3. Ces dispositions trouvent à s'appliquer tant à la cession à titre onéreux, par le propriétaire d'un bien ou droit, d'un usufruit portant sur celui-ci qu'à la première cession à titre onéreux, par son titulaire, d'un usufruit préconstitué, dans le cas où le cessionnaire bénéficie du droit d'usufruit pour une période qui n'est pas exclusivement déterminée par la durée de la vie humaine.

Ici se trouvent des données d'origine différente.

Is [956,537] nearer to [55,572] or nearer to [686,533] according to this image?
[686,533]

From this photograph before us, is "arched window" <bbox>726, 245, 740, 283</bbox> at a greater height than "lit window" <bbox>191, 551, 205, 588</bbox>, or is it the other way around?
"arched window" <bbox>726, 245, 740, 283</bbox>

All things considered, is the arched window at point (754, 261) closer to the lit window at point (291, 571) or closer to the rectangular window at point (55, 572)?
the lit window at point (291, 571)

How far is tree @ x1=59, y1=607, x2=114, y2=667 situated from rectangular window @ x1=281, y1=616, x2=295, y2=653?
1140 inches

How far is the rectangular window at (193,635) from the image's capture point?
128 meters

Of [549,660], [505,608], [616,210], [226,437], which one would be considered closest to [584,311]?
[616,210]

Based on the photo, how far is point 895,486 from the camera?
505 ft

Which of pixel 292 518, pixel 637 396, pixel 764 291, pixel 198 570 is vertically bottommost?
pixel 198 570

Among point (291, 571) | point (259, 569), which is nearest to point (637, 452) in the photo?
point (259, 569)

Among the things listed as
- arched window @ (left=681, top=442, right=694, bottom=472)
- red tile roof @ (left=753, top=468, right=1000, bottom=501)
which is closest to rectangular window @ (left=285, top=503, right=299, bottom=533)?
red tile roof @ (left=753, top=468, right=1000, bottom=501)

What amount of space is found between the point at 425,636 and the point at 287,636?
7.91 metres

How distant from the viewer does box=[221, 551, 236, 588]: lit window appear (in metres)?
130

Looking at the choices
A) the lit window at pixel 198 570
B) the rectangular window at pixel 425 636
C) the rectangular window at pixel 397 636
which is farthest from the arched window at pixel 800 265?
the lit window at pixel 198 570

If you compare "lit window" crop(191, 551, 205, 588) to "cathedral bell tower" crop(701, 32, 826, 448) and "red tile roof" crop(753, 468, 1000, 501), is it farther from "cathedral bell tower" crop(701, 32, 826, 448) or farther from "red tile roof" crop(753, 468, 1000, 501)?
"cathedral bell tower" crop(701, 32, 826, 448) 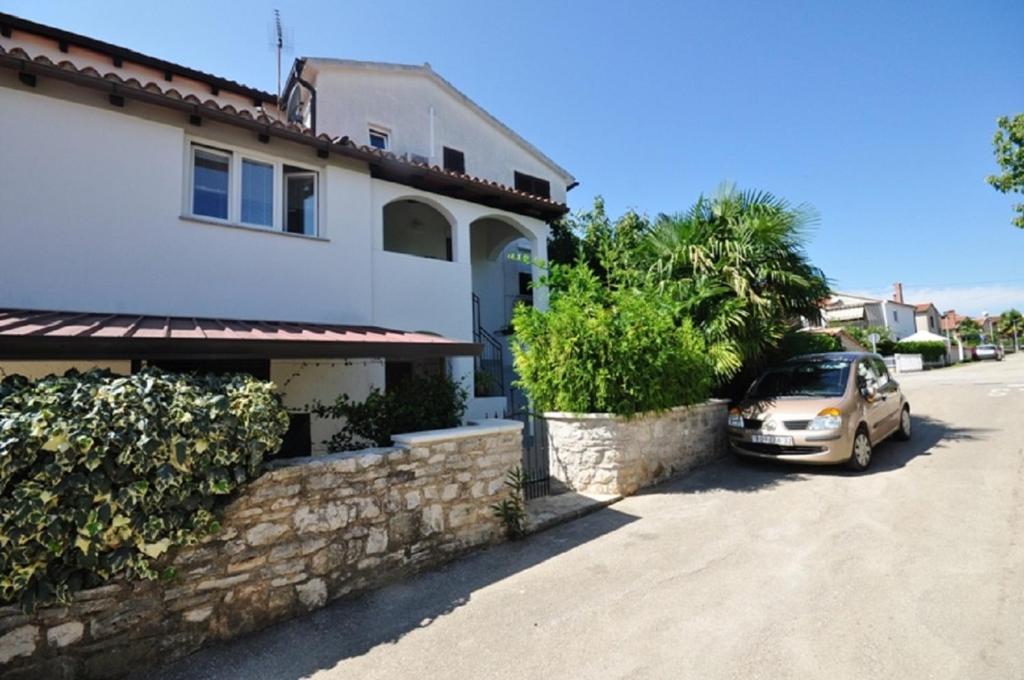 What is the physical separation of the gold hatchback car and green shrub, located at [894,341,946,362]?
35.1 metres

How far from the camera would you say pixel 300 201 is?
8.09 m

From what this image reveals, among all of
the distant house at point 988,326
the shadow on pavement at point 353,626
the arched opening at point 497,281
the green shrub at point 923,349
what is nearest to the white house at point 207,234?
the arched opening at point 497,281

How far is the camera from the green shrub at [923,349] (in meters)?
36.0

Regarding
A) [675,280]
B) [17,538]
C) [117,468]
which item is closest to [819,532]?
[675,280]

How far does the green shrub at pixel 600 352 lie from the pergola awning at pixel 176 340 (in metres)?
1.36

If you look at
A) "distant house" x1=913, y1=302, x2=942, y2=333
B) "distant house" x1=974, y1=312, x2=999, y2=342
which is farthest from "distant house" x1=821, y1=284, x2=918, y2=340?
"distant house" x1=974, y1=312, x2=999, y2=342

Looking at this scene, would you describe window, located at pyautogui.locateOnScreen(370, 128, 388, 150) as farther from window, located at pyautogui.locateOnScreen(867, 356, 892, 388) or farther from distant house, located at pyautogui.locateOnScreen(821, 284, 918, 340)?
distant house, located at pyautogui.locateOnScreen(821, 284, 918, 340)

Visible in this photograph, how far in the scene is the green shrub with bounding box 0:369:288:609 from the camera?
276cm

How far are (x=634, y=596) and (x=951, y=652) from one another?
2067 mm

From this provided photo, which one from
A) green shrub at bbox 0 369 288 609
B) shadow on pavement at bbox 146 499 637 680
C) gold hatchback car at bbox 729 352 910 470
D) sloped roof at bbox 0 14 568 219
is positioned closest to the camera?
green shrub at bbox 0 369 288 609

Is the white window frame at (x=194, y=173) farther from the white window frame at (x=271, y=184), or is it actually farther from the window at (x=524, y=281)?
the window at (x=524, y=281)

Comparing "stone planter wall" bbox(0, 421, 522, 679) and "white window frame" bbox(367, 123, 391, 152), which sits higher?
"white window frame" bbox(367, 123, 391, 152)

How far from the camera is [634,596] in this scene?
396 cm

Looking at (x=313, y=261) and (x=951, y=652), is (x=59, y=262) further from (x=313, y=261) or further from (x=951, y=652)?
(x=951, y=652) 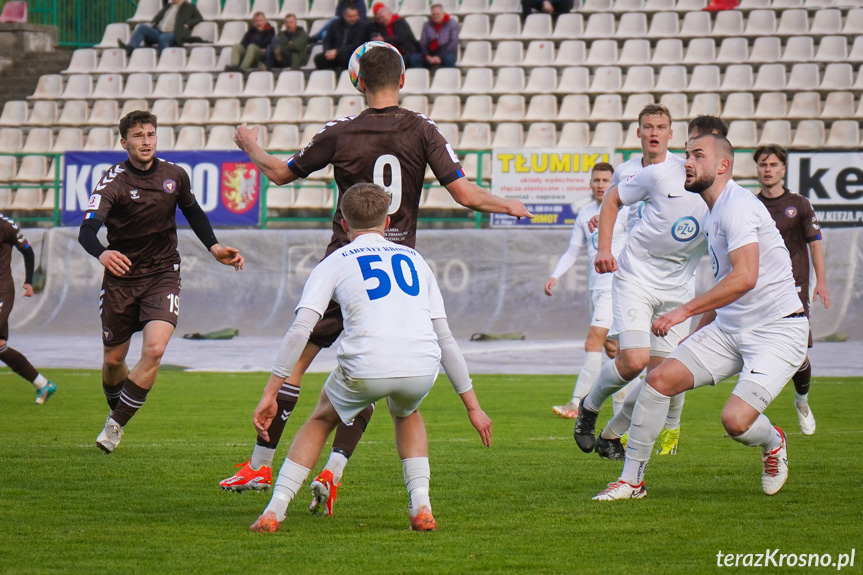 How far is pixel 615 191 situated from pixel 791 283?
1.73 metres

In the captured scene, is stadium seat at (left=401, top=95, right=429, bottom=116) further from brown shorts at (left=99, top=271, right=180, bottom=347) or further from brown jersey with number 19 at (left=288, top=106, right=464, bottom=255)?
brown jersey with number 19 at (left=288, top=106, right=464, bottom=255)

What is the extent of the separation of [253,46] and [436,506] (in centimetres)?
1771

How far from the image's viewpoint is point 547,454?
7.57 meters

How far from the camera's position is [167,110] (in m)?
22.0

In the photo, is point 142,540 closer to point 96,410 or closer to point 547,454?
point 547,454

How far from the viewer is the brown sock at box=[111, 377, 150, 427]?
743 cm

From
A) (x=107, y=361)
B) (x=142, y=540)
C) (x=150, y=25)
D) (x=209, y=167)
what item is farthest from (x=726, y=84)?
(x=142, y=540)

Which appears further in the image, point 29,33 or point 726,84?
point 29,33

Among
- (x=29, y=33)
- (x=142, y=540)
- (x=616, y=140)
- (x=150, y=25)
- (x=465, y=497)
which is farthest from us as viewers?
(x=29, y=33)

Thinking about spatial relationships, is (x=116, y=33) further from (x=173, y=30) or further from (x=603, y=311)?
(x=603, y=311)

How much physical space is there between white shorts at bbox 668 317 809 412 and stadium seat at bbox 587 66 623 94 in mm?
14893

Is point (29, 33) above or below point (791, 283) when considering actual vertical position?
above

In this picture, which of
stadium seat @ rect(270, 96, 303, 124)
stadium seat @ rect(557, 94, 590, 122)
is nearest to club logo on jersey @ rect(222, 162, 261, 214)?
stadium seat @ rect(270, 96, 303, 124)

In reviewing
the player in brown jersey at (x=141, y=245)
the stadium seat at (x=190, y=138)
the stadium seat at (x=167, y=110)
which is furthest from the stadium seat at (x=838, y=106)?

4. En premier lieu, les requérants soutiennent que, par ces dispositions, le législateur a entendu exclure du champ d'application de la loi, les apports sans compensation versée en liquide, à la différence des cessions à titre onéreux ayant pour contrepartie un prix de vente. Il résulte des dispositions précitées que le produit résultant de la première cession à titre onéreux d'un même usufruit temporaire est imposable au nom du cédant dans la catégorie de revenus à laquelle se rattache, au jour de la cession, le bénéfice ou revenu procuré et que leur champ d'application recouvre toutes les premières cessions à titre onéreux d'un même usufruit pour une durée explicitement déterminée entre les parties à l'acte de cession. Une opération, qui a pour résultat de faire sortir d'un patrimoine un élément qui en faisait partie, pour le transférer dans un autre patrimoine doit être qualifiée de cession. L'apport de l'usufruit temporaire de droits sociaux à la SCI Le Nouveau Parc par M. B, lequel a reçu en contrepartie 14 888 parts sociales de la même SCI, assorties d'une prime d'émission, doit être regardé comme constituant une cession à titre onéreux. Par suite, le moyen tiré de ce que l'apport d'usufruit temporaire ainsi effectué par M. B à la SCI Le Nouveau Parc le 13 décembre 2012 ne serait pas imposable en application des dispositions précitées du 1. du 5. de l'article 13 du code général des impôts doit être écarté.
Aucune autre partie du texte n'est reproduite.